Drink up, San Diego: High-end beer sales increased last year and local breweries are seeing the results.
Sales increased more than 2 percent last year, according to data from The Beer Institute.
Researchers attributed the boost to high-end beer businesses. The sale of imports, crafts and above-premium beers sold was up nearly 3 percent.
This is good news for San Diego -- a city leading the charge in the craft beer industry. With dozens of breweries scattered around the county, local brews have become a mainstay in America’s Finest City.
But why San Diego? It’s science.
The increased ion levels in San Diego’s water is one of the reasons it’s such a great place to have a brewery, said Paul Sangster, vice president of San Diego’s Quality Ale and Fermentation Fraternity.

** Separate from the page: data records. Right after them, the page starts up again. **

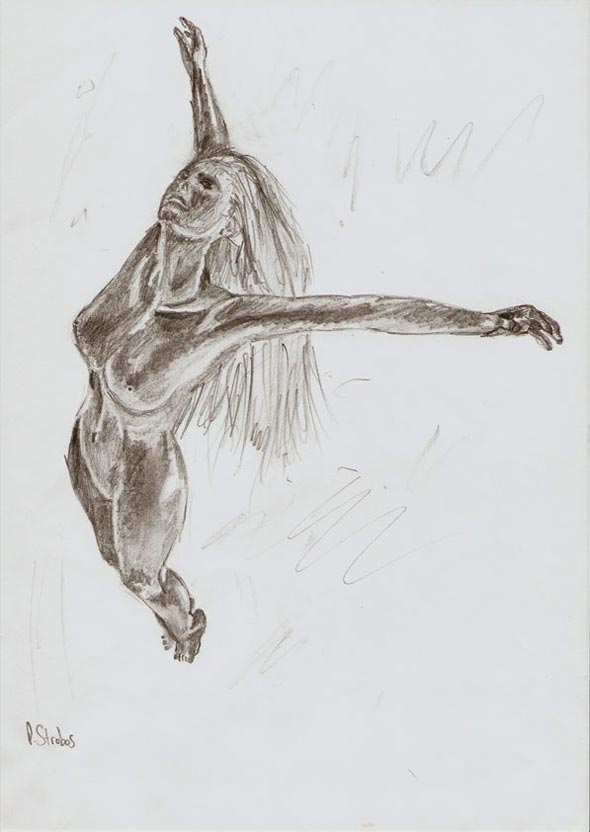 Rough pencil sketch of a female figure soaring skyward.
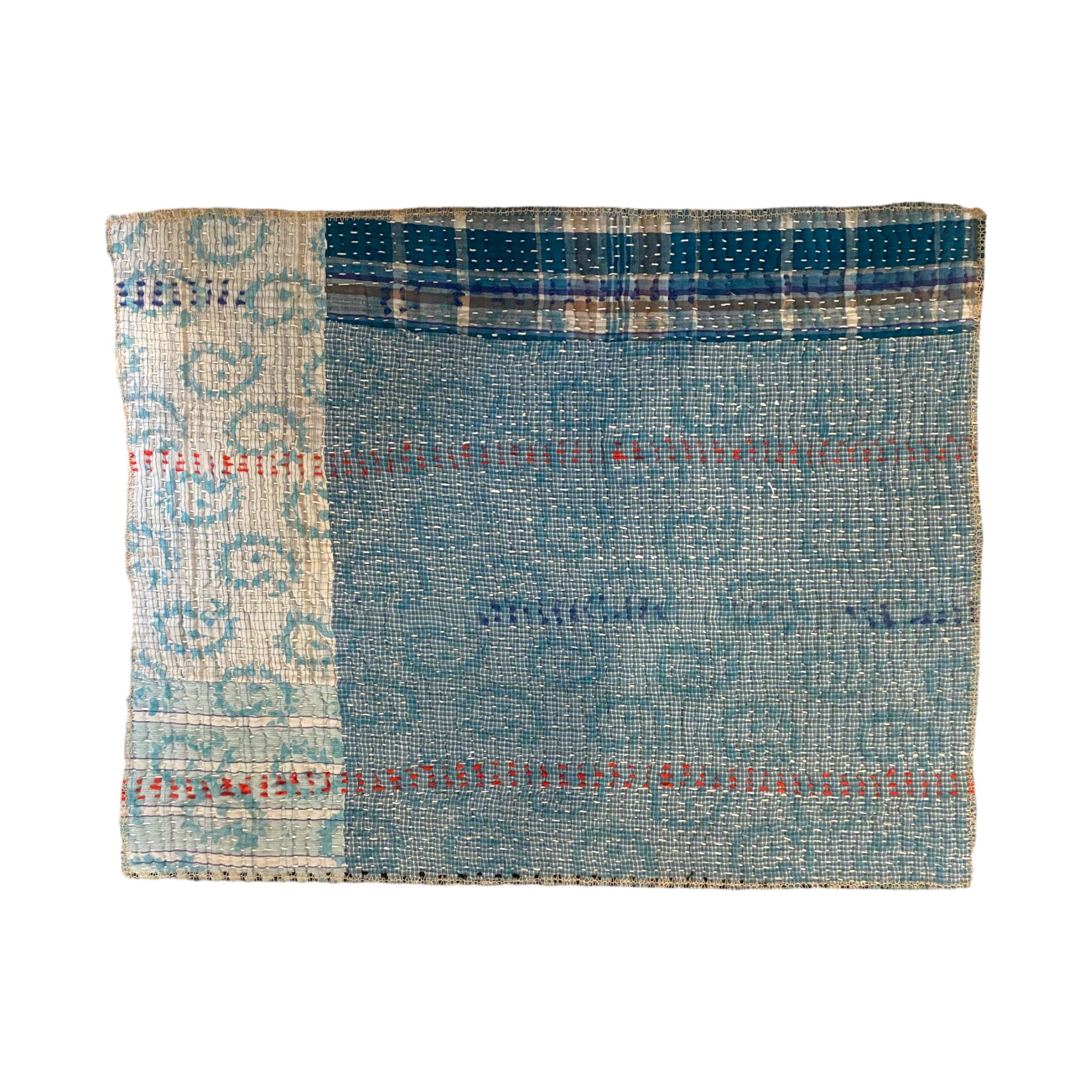 blue kantha placemat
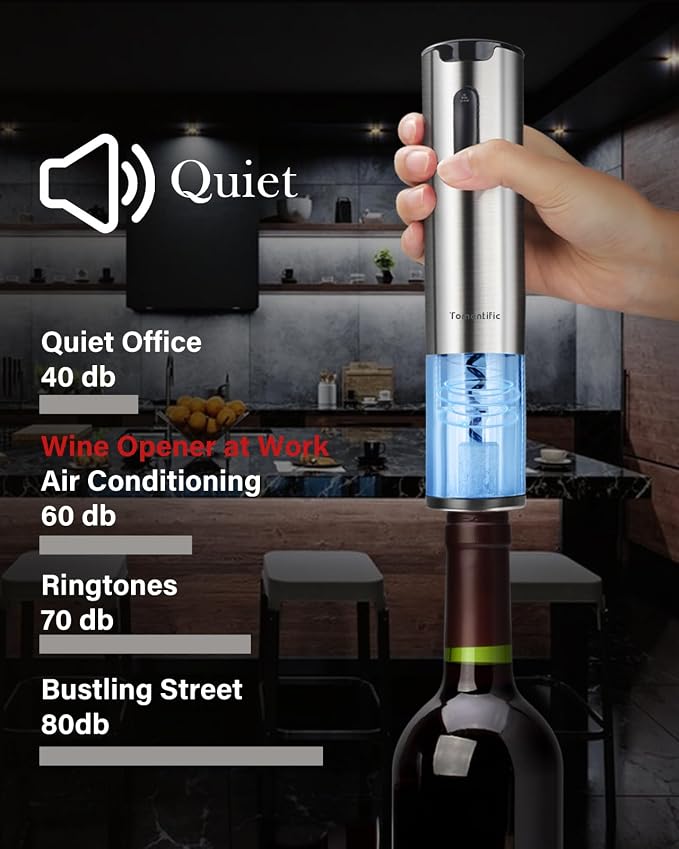 Electric Wine Opener Tomentific, Rechargeable Automatic Wine Corkscrew Bottle Opener With Foil Cutter, Type-C Charging Wine Openers With LED Light For Home Party Wedding Gifts (Stainless Steel)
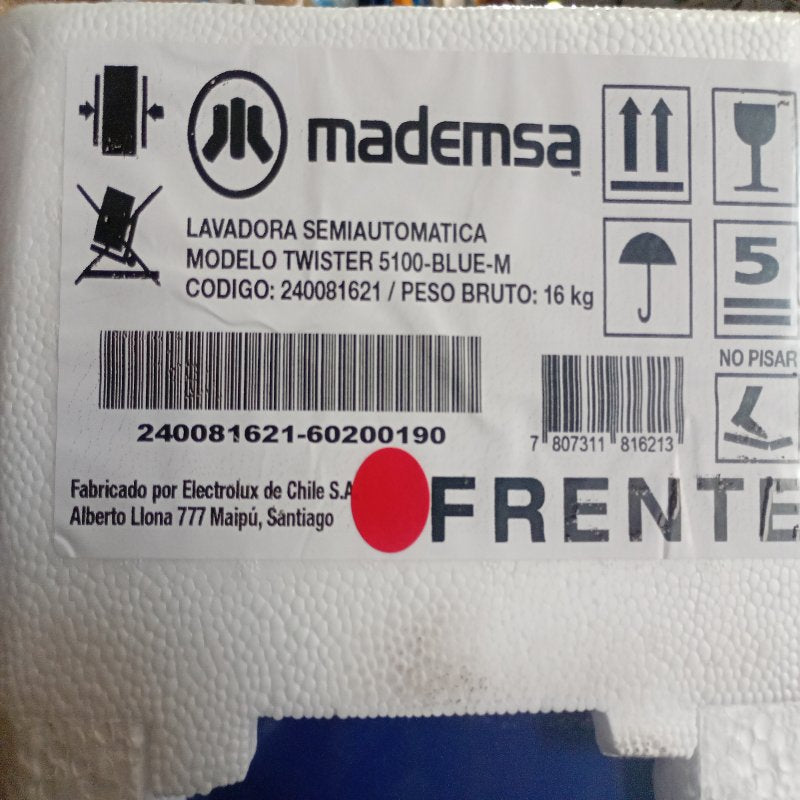 Lavadora Semiautomática Mademsa Twister 5100 Blue-M 16 kg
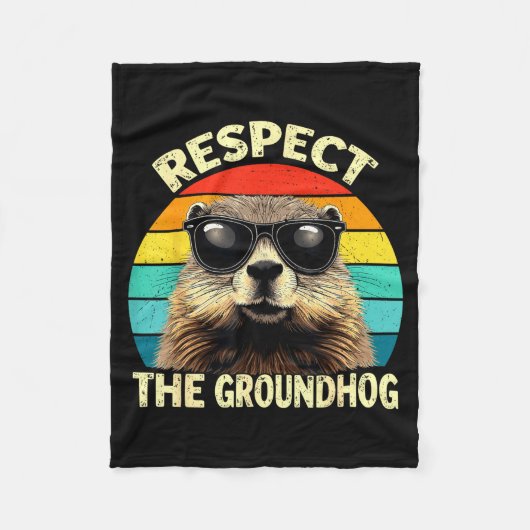 Respect The Groundhog Lover Vintage Animal Ground  フリースブランケット (正面)
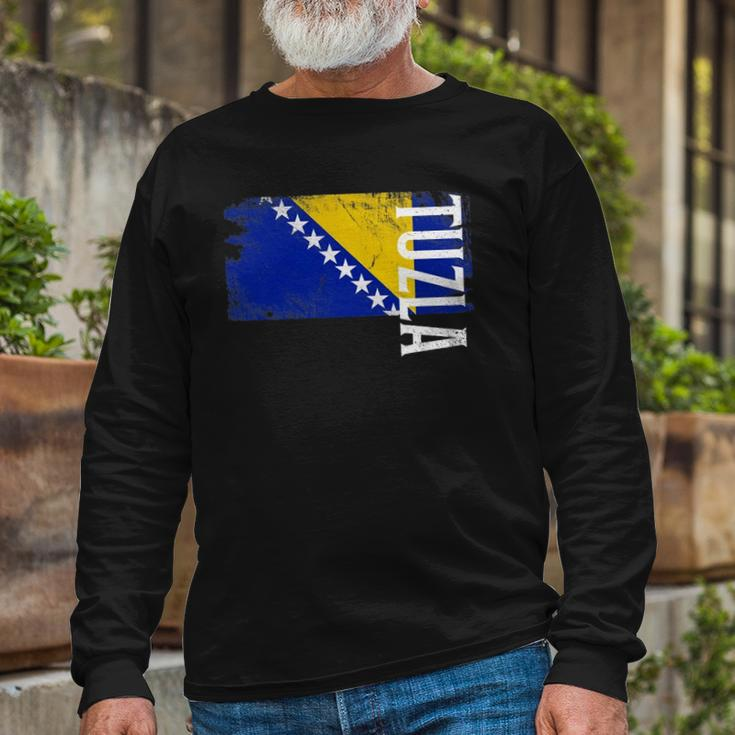 Tuzla Bosnia Flag For Bosnian Long Sleeve T-Shirt T-Shirt Gifts for Old Men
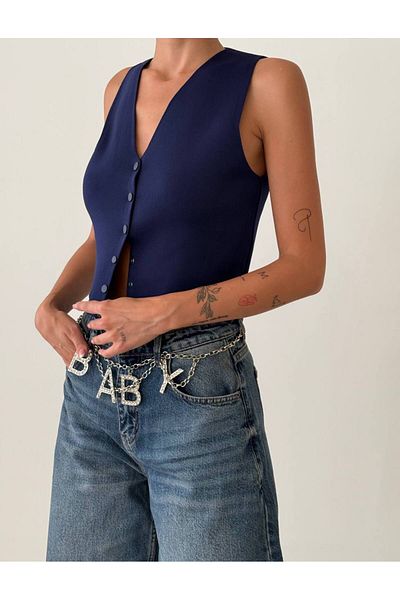 My Blog Navy Blue Elenor Snap Button Knitwear Vest-4518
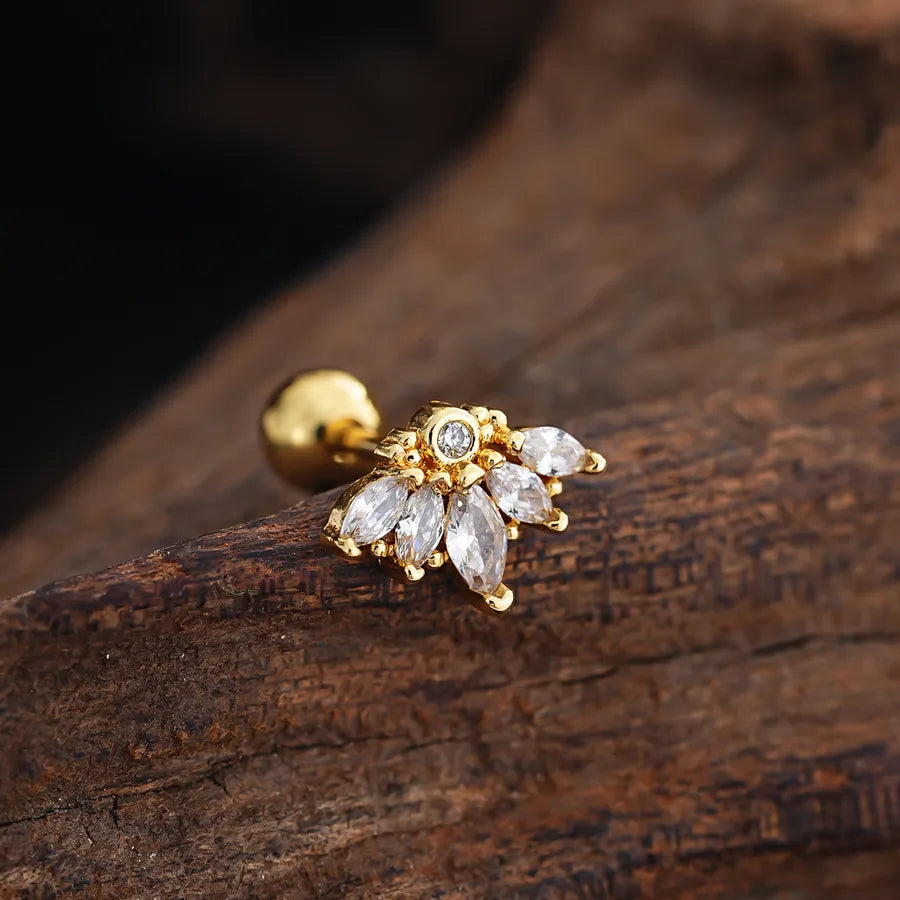 Stainless Steel Zirconia Stud Earrings 3453 Gold Ear Studs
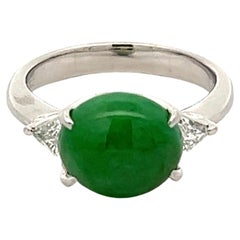 3.57 Carat Jadeite Jade Grade A GIA Diamond Platinum Ring Estate Fine Jewelry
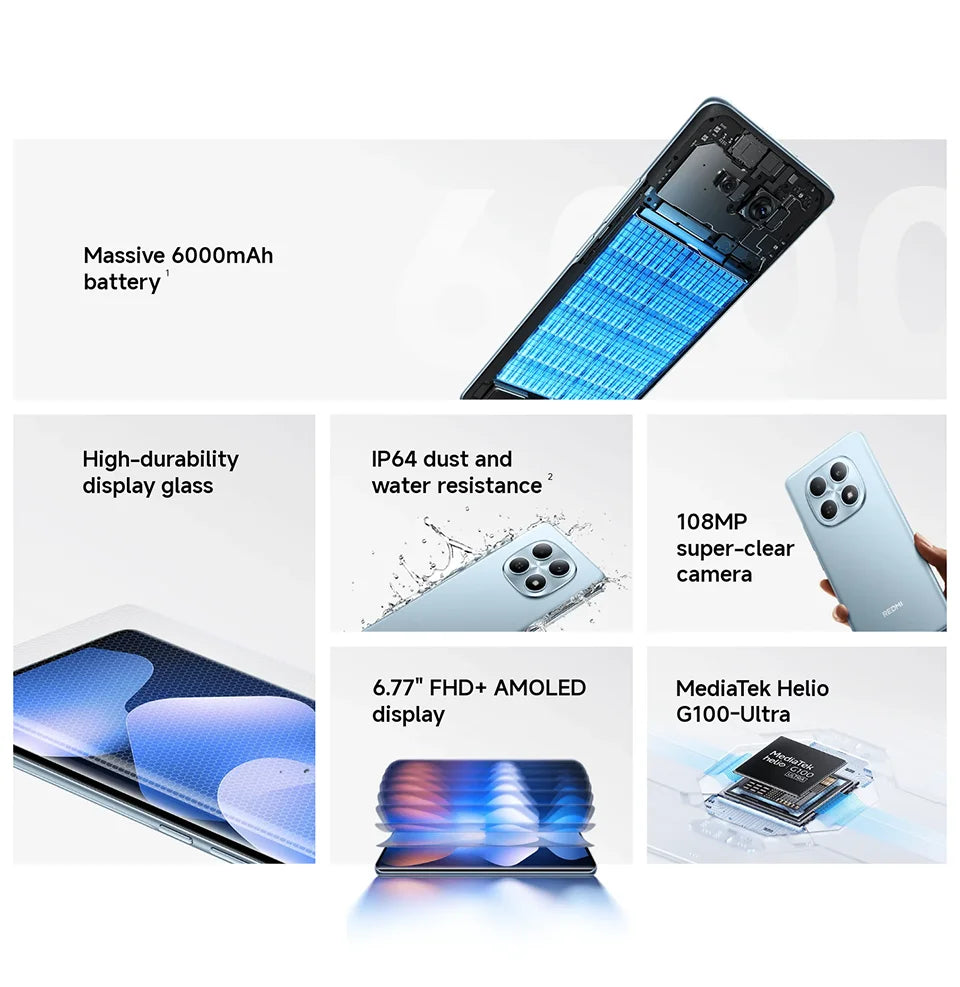 Global Version Redmi Note 15 4G Smartphone 6000mAh 33W Battery 108MP Dual Camera 6.77" AMOLED 120Hz Display Xiaomi Cellphone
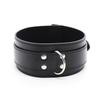 Unisex Leather Neck Collar Double Buckle with Air Holes for Role Play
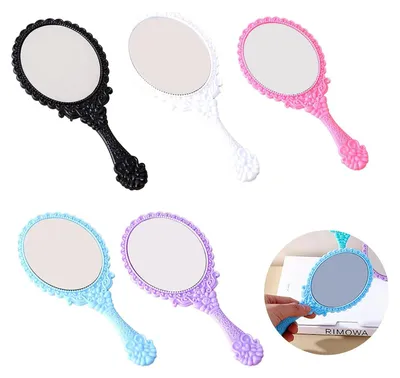 Image de TRANKIELO® - 5 miroirs de maquillage - Petit miroir de poche style princesse - Design rétro - Parfait pour la maison et les voyages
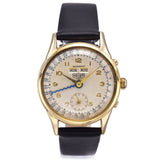 Vintage 1960s 14K Gold Heuer Triple Date Automatic Watch Men's 33mm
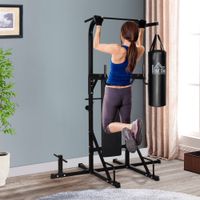 Kraftstation mit Klimmzugstange, Multifunktionale Dip-Station, Trainings-Gerät für Zuhause, mit Boxsack, Fitness, Stahl, Schwarz, 180 x 183 x 219 cm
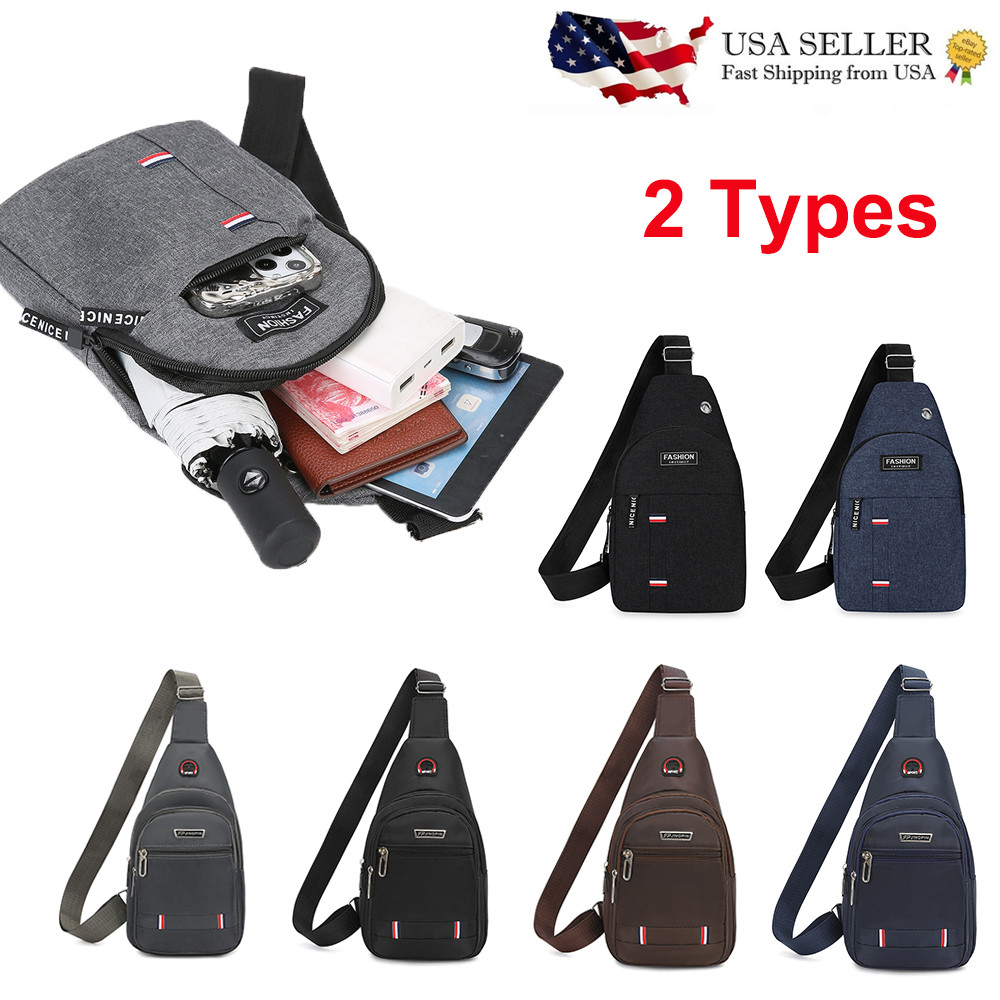 Men's Canvas Sling Crossbody Bag Chest Shoulder Messenger Backpack USB Port New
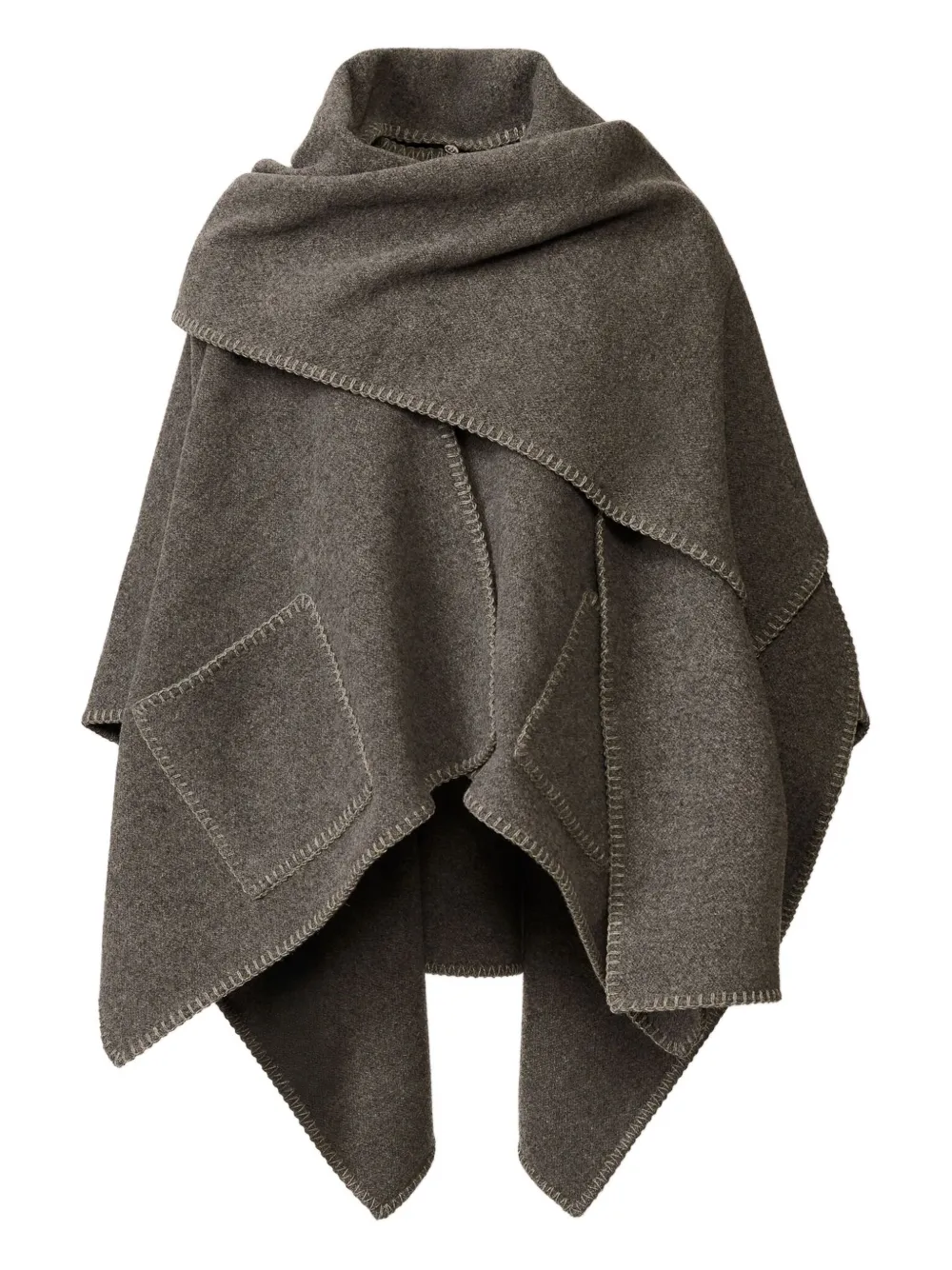 Fabiana Filippi Pocket-detail Wool Cape In Gray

“Generally our water has more calcium and sulfate,” he said. “When used in a hoppy beer, it will give the hops a very nice flavorful taste.”
San Diego-based brewery Karl Strauss has benefited from the public’s demand for local beer. The company saw a 10 percent bump in beer sales last year, and its restaurant sales increased 6 percent, according to the brewery’s spokeswoman Melody Daversa.
“It’s been really exciting to see, people asking for craft or local beer,” Daversa said. “San Diego is known as the Napa of craft beer…it’s winning more medals in beer competitions than other cities combined.”
But while high-end beer retail sales have increased, shipping for major companies, such as Anheuser Busch, have slightly decreased. Major beer companies also took a dip in shipping last year.
Zach Lowe, spokesperson for The Beer Institute, attributed decline of corporate breweries to the surge in demand for craft beer.
“[The U.S.] sold a lot of the higher end, more expensive beer,” he said. “It’s really growing in popularity.”
And it looks like it might be here to stay in San Diego.
“San Diego has a gigantic amount of new breweries and brew pubs,” said Sangster. “We’re going to become even better, more pronounced as a beer leader.”